The Dark Tower movie adaptation came and went in the summer of 2017 without much fanfare, an anemic box office tally, and a thorough drubbing by audiences and critics alike; not exactly the start you want for a franchise built on the bones of Stephen King‘s epic fantasy series. So what went wrong? A lot, in my opinion, but the project was wrong-footed from the start. Producer Ron Howard thinks he’s figured out why, though a little too late.

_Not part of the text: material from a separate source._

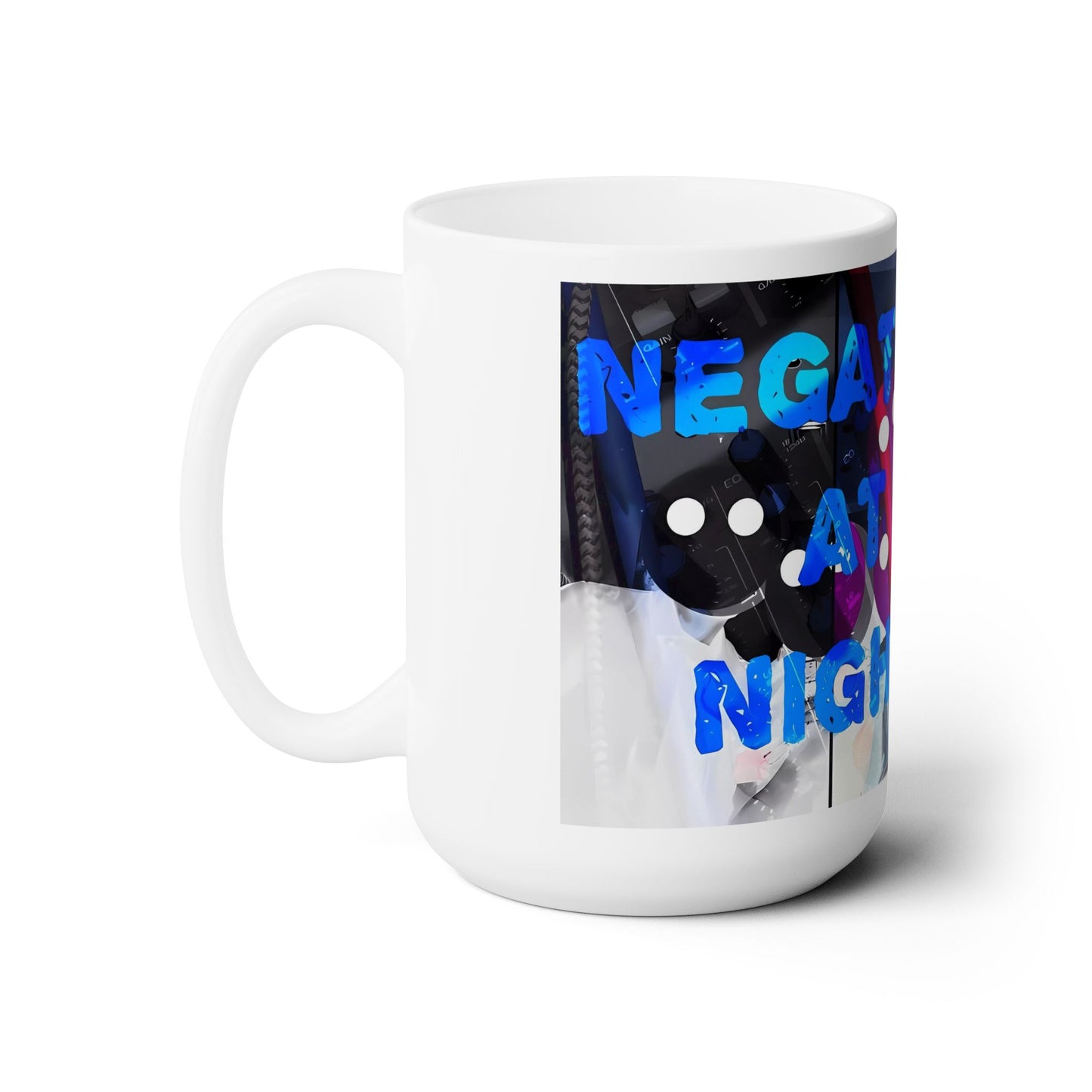 Negative At Night 2 White Ceramic 15 Oz. Mug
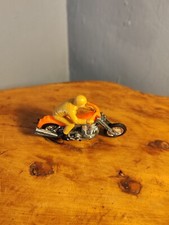 HOT WHEELS RRRumblers Road Hog Motorcycle Rumblers Redline Era Motorbike Orange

During a guest appearance on the Happy Sad Confused Podcast for his new documentary Pavarotti, Howard admitted that yeah, the movie really should have leaned into the source story’s horror content. He also learned, a little too late, that a focus on The Gunslinger himself, instead of his kid sidekick counterpart, would have been a better approach:
“I think it should’ve been horror. I think that it landed in a place—both in our minds and the studio’s—that it could be PG-13 and sort of a boy’s adventure… I really think we made a mistake not—I mean I’m not sure we could’ve made this movie, but I think if we could’ve made a darker, more hard-boiled look and make it The Gunslinger’s character study more than Jake. I think in retrospect that would’ve been more exciting. We always felt like we were kind of holding back something, and I think at the end of the day it was that.”
Call me crazy, but in adapting King’s horror-tinged Western series that centers on the lone Gunslinger named Roland, one would have expected the adaptation to be a horror-tinged Western that centers on the lone Gunslinger named Roland. This isn’t rocket science, but it is a fine example of too much meddling to the point that the adaptation loses what made the original story compelling in the first place.
Howard admitted another error in planning, suggesting that a TV-first approach would have been a better way to conjure up interest in the sprawling franchise from the general audience:
“The other thing might’ve been to just straight-on tackle it as television first. Disappointing because I poured a lot of myself into it, and sometimes this happens on these projects where everybody’s best intentions—you’re all pulling in a direction, and then you sort of say, ‘Was that the right direction?’ And I wouldn’t say it was all compromise. I do think it was just a sense of maybe too much listening to what you think that the marketplace is calling for instead of the essence of what Stephen King was giving us.”
It’s a real shame that what seemed clear and obvious to millions of King fans around the world when it came to adapting The Dark Tower was so far from the minds of the movie’s creative team until well after it was a certified flop. Next up: The Dark Tower TV series set to arrive on Amazon next year and act as a prequel to the movie itself. Second time’s the charm?